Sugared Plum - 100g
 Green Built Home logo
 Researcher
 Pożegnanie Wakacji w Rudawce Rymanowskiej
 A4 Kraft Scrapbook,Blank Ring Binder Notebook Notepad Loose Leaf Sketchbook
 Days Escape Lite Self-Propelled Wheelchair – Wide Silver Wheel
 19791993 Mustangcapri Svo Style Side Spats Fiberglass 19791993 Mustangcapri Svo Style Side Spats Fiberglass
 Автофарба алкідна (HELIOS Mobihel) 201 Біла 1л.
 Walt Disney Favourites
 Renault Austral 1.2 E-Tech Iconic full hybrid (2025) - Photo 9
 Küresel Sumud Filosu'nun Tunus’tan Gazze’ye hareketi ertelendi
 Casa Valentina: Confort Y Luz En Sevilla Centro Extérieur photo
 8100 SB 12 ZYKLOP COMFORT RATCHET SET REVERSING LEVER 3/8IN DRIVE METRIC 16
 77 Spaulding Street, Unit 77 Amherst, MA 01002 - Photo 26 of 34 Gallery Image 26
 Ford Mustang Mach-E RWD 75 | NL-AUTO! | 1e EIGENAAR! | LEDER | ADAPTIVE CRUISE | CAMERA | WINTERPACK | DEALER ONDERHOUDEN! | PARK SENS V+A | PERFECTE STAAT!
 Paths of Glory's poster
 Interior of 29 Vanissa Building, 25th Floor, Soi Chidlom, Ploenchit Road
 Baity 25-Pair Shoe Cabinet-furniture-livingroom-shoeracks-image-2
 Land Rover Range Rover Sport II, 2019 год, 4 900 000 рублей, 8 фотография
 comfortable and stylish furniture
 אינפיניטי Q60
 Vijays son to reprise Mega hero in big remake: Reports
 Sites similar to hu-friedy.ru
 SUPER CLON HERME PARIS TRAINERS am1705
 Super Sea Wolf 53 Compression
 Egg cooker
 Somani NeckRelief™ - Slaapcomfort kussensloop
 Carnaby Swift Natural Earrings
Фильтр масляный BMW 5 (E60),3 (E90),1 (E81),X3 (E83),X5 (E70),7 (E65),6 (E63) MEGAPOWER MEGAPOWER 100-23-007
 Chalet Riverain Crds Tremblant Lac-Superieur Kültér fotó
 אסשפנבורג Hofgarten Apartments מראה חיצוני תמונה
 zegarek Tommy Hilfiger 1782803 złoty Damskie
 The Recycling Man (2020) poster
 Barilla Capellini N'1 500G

--------------------------------

Reproduce exactly the line that holds "Somani NeckRelief™ - Slaapcomfort", then every line after it, ending with the final line of the records above.

Output of the task:
 Somani NeckRelief™ - Slaapcomfort kussensloop
 Carnaby Swift Natural Earrings
Фильтр масляный BMW 5 (E60),3 (E90),1 (E81),X3 (E83),X5 (E70),7 (E65),6 (E63) MEGAPOWER MEGAPOWER 100-23-007
 Chalet Riverain Crds Tremblant Lac-Superieur Kültér fotó
 אסשפנבורג Hofgarten Apartments מראה חיצוני תמונה
 zegarek Tommy Hilfiger 1782803 złoty Damskie
 The Recycling Man (2020) poster
 Barilla Capellini N'1 500G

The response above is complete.